I do have one complaint and that is that it wasn’t easier to identify many of the specimens, particularly in an exhibit ostensibly intended to be educational. I’m the sort of nerd who appreciates and enjoys knowing exactly what she’s looking at, but the information for long walls of pieces was often collected (unnumbered) down at one end of the wall, rather than alongside each individual piece. In a crowded museum space, moving back and forth between individual pieces and that info was impossible. Pity.

Still, being able to stand before these marvelous creatures and drink in the smallest detail of the patterns, scales, and contours of countless snakes, the shapes, textures, and colors of birds and their feathers, the alien-arachnid hybridization of crabs, and so many astonishingly intricate insects – the variety of size, shape, color, which was just…awesome.

I lost myself in dreamy gradients and fractals, lost count of uncanny eyespots. I’d never noticed how some beetles resemble poison dart frogs poised to spring. I’d never seen a sputnik sea urchin that still had its spectacular spines. I didn’t realize how much beautiful variation, from subtle to striking, could exist between animals of the same species. I marveled at how, even in death, snakes bear such a powerful presence. And over and over again I was overwhelmed by the enormity of all we stand to lose, ached for how much we’ve already lost, mourned how much we never knew we had before it was already gone forever.

Exquisite Creatures explores humanity’s need to connect with the natural world and evinces its stimulating power over us. when our eyes perceive order, diversity, color, symmetry, and balance in natures, we experience renewal both emotionally and spiritually.”

If you’re like me, you’re probably very curious, perhaps even concerned about how Marley obtains all of these beautiful animals. All of Marley’s vertebrates are reclaimed, collected from institutions, such as aquariums and museums, or individuals after dying of natural or incidental causes. The only exception is made for some oceanic organisms, when fishing vessel bycatch is the reclamation source. According to Marley, “These are specimens that are unintentionally caught, usually by trawlers, and then are either discarded or sold to fish markets. I believe many such specimens have far greater aesthetic than culinary value. It is my contention that ensuring they can inspire for generations through their preservation is a far more worthy end than their immediate consumption.”

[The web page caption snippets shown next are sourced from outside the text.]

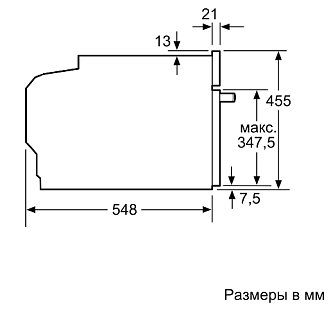 Схема встраивания 5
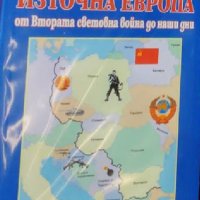 Жан-Франсоа Суле - История на Източна Европа от Втората световна война до наши дни (2007), снимка 1 - Художествена литература - 29610429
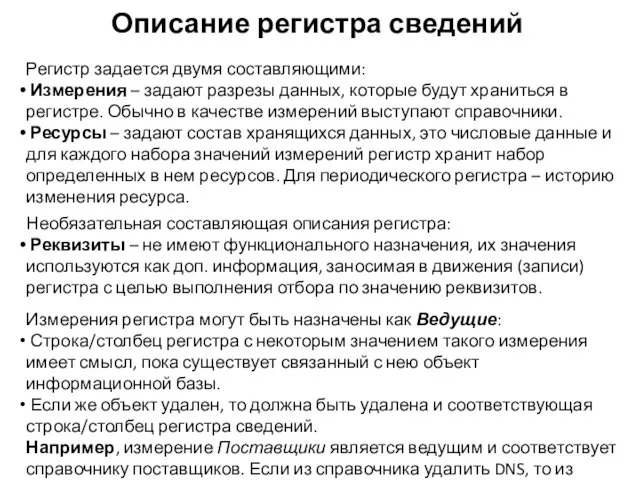 Описание регистра сведений Регистр задается двумя составляющими: Измерения – задают разрезы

“When organisms die in the care of the institutions or individuals dedicated to their husbandry, they can either be disposed of or they can be preserved and incorporated into lasting tributes to their masterful design. Aquariums, quarantine facilities, museums, importers, breeders and others have entrusted me with their most treasured charges. It is a weighty undertaking to create from them works that are worthy of the vibrance they add to the natural world.”

Christopher Marley

Marley’s invertebrates are all sustainably collected from their countries origin by local catchers, something I’d previously heard about elsewhere, but never properly researched. This method of responsible insect collecting, “not only has no measurably negative effect on insect populations, but it offers an alternative to ranching or farming for often impoverished people with few options for sustenance other than working the land.”

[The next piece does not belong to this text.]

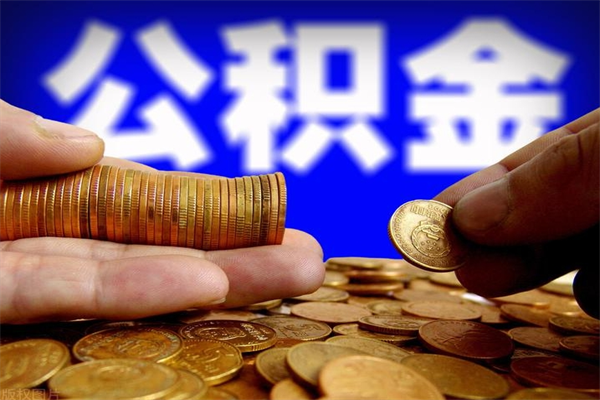 大理公积金封存是什么意思（公积金里面的封存是什么意思）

“Insect collecting helps offer native people an economic incentive to preserve local habitats by helping them to make their living through the collection of a renewable, sustainable forest resource.” 

Christopher Marley

Exquisite Creatures runs through February 17, 2020 at OMSI in Portland, Oregon. If you’re unable to get there in person, the exhibition is a companion to Marley’s gorgeous book, Biophilia, which is every bit as captivating.